Friday, September 25, 2009

User frustrations

Crowds of shoppers continue to pour into the city to visit the new John Lewis store. Everywhere else seems to be benefiting as well, including the tea room, which was very busy today, and as it turned out, short staffed, so I had to wash up before and after the Eucharist to help them cope with the demand.

This meant that I wasn't able to go up to St Michael's College for the introduction of new students on placement, but for me this year it wasn't so crucial as Andrew Highway and I have known each other since I started the job here in the city centre. By sheer co-incidence, Sunil and I bumped into Andrew yesterday afternoon in John Lewis', as he was taking a detour in between work meetings to check it all out.
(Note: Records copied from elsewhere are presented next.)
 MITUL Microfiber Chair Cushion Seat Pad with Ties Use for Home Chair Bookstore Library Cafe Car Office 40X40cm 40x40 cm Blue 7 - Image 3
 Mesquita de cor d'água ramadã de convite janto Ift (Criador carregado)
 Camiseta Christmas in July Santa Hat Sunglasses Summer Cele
After the tea room closed, I spent an hour on the computer checking to see if Talktalk had done anything to remedy the line fault (reported yesterday) which is making our internet connection an occasional, fleeting thing. How much we've come to rely on having the facility in church, to keep everything running efficiently. I guess there's been a wholesale shift in communications and administrative culture which is now reaching into every corner of society. Since the advent of broadband, it's become so pervasive. Yet, quite apart from the quality of the infrastructure not keeping up with demand, the quality of the actual means of communication and the discipline with which they are used are still less than fit for purpose, still less than idiot-proof.
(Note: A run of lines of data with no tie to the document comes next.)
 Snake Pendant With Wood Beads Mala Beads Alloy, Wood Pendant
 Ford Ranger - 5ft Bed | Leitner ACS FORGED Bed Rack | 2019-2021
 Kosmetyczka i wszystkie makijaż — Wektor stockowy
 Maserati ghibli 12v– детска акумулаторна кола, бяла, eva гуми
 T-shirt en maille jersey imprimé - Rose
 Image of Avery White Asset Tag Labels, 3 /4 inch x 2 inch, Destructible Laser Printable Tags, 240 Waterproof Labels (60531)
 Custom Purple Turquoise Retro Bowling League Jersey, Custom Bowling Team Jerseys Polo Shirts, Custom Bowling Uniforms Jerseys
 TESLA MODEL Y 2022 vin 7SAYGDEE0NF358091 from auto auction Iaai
O know, for instance that my old email address still lives on in office PC circulation lists and data servers in the Council, the Church in Wales and a host of other organisations, all of which have been requested (often more than once) to take note of the new address and delete the old. I can have correspondence with people using my current address, and then miss a vital distribution of documents because the information update has not been rigorously entire. On top of this, there are issues of security. To keep up to date and secure all the time involves a fair amount of machine minding for individual users, small offices etc. There's the temptation not to bother if one is in a hurry, and that may lead to a machine being compromised. Every new improved system turns out to have its flaws and weaknesses, and its frustrations because the usability and intelligibility of the user interface is simply not good enough for new and experienced users alike.
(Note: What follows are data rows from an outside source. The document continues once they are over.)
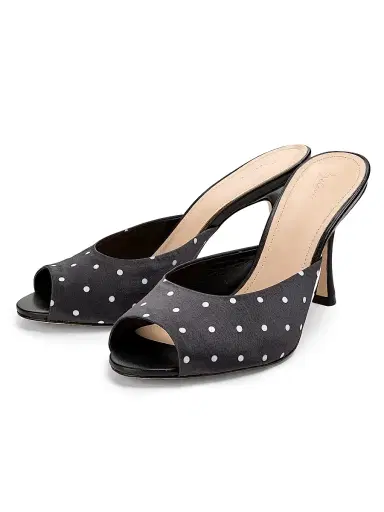 22élevé Women's 90MM Leather Peep-Toe Mules - Polka Dot - Size 12 | Thumbnail 2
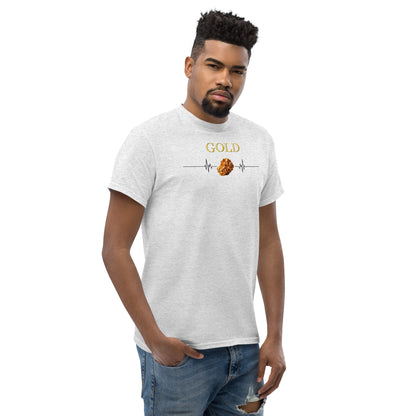 "Eleganz in Gold: Unser klassisches Herren-T-Shirt mit Gold Logo - Ein zeitloses Statement für den modernen Gentleman!"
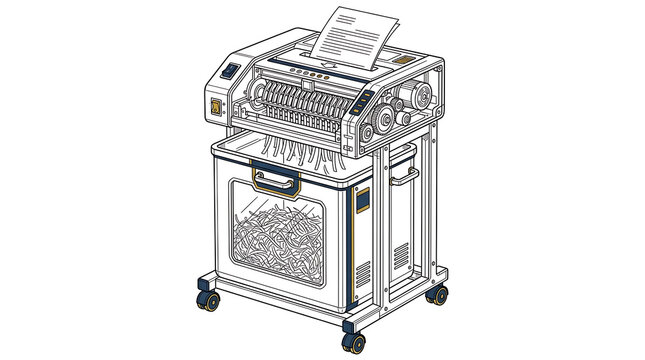 Isometric illustration of a modern office paper shredder machine with shredded documents in the bin.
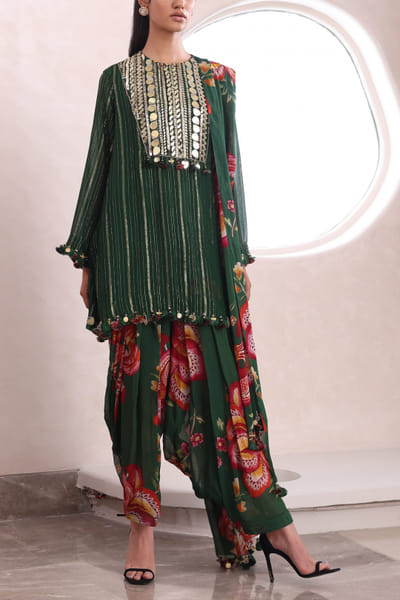 Green floral print and embroidered kurta set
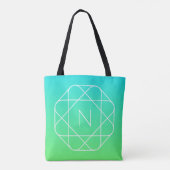 Koel geometrisch monogram | Blauw & Lime Groen Omb Draagtas (Achterkant)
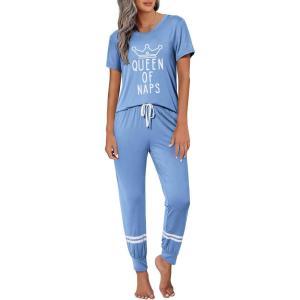 Ekouaer Womens Pajamas Set 2 Piece Lounge Pj Set Short Sleeve Sleepwear Tops with Joggers Pants Loungewear Print Nightwear(Sky Blue)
Most cars are familiarly similar in the layout of their basic controls for a driver to be able to get in and go. Road layouts and signage conventions are the same on a national basis, and nearly the same internationally, apart form the side of the road you drive on. Why can't safe and efficient use of computers be as simple to adapt to as driving a car?

Clare and I decided to go down the Bay to watch Nofit State circus in Roald Dall Plas. We opted to go by bus. The first to turn up outside the Hilton was only going as far as the station. The driver said there was one behind going all the way. So we didn't get on, we waited. Ten minutes later, the next one sailed past us bearing the information that it was not in service. Having waited 20 minutes, this left us insufficient time to walk to the other side of the city centre and catch a bus that would get us there for the start of the circus, so we gave up and went home, annoyed.

Admittedly early evening is a transitional time with bus routing, due to the closure of lower St Mary Street to make it safer to fall about drunk all night without being rolled over by a bendy bus. The lack of useful relevant information to aid bewildered visitors and knowledgable locals alike is utterly contemptible laziness on the part of the company's marketing arm. It undermines the efforts the city is making to raise itself in the ranks of must-visit destinations.